Nous aussi nous aurions dû traîner avec eux. Sans ce sabotage, on aurait peut-être passé une bonne après-midi.

J'en ai mal au cœur.

— Tu vas voir, tu vas bien aimer, affirme Juliette en s'approchant de moi.

Ça n'arrive pas à me rassurer. 

— T'as fais ce que tu voulais faire ? s'enquit-elle posément.

Réticente, je reporte mon regard sur le parc devant nous. Je préfère regarder devant moi qu'avouer ma défaite. 

Participants comme domestiques s'agitent. Les juges vont bientôt arriver, on doit être prêts.
J'avise l'estrade dressée non loin de là, sous le soleil brûlant de l'après-midi. Bientôt j'y serai, bientôt nous allons y défendre notre sculpture contre les regards énervés qu'elle va provoquer.

Oh, je devrais être en train de stresser comme j'ai stressé toute la matinée. Si je suis protégée de l'élimination, Corentin et Juliette ne le sont pas. Ils jouent leur place là-dessus. 
Mais ce n'est pas pour ça que je m'inquiète dans l'immédiat.

— Non, lâché-je avec distance.

Je sens que ma coéquipière m'inspecte, sans savoir si c'est en bien ou en mal. En tout cas, quoi qu'elle pense, elle se garde de commenter.
C'est une sage décision.

Je repense à Eliam. Ça me fait du bien de le revoir me parler et me tutoyer. Il me manquait plus que ce que je pensais. Mais après ce qu'il vient de se passer, je ne sais pas ce qu'il peut penser de moi.

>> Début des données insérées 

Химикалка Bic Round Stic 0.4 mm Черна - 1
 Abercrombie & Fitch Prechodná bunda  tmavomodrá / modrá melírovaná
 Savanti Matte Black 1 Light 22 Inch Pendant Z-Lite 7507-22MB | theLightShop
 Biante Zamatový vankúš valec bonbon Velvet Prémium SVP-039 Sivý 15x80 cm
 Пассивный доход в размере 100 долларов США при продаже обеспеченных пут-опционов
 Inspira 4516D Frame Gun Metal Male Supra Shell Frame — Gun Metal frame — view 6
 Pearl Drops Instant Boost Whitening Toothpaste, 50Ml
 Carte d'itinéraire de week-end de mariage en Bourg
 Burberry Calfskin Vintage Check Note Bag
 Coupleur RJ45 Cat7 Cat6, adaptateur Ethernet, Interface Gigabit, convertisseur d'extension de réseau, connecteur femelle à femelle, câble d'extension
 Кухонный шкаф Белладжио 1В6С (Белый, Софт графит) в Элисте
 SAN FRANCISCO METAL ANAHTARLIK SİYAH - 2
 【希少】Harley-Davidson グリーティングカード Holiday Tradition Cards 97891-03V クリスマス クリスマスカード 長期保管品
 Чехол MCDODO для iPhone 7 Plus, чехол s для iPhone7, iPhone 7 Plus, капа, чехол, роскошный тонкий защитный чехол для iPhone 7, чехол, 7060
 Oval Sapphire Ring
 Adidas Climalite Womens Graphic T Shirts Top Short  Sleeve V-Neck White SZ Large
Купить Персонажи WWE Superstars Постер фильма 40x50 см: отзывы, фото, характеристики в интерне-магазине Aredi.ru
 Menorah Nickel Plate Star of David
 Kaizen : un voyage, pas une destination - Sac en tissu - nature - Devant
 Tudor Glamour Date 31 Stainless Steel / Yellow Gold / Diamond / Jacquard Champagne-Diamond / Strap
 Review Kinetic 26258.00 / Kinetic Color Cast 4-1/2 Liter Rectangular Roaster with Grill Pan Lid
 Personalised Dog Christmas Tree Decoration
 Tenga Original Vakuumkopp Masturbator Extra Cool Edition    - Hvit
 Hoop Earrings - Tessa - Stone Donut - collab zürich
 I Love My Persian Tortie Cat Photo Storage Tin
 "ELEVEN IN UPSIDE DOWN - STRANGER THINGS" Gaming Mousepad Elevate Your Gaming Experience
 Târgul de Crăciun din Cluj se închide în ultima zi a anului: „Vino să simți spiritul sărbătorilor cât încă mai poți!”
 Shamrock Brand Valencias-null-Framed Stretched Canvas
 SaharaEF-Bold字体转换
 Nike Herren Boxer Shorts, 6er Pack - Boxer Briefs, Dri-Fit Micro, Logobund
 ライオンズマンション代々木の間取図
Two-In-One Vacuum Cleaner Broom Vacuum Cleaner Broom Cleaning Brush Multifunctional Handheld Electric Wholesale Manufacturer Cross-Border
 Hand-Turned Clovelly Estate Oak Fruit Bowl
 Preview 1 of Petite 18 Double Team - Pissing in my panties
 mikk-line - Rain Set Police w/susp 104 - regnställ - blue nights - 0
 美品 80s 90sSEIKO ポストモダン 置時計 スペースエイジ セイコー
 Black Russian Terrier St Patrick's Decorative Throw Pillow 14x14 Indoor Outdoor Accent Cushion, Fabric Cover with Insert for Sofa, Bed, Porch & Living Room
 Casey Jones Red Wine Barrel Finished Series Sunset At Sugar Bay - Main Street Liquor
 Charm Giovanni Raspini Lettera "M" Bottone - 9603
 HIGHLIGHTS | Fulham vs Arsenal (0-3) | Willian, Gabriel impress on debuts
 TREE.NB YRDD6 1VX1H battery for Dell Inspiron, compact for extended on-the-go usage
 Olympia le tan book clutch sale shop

Et je devrais en avoir rien à faire d'ailleurs !
Mais j'ai compris, ces dernière semaines, que je ne pourrai jamais en avoir réellement rien à faire. J'ai besoin des autres.
Le problème, c'est que je découvre ça quand j'apprends qu'il y a un assassin parmi eux...

— T'inquiète pas, on va s'en sortir, souffle gentiment Juliette avant de repartir s'occuper de sa sculpture.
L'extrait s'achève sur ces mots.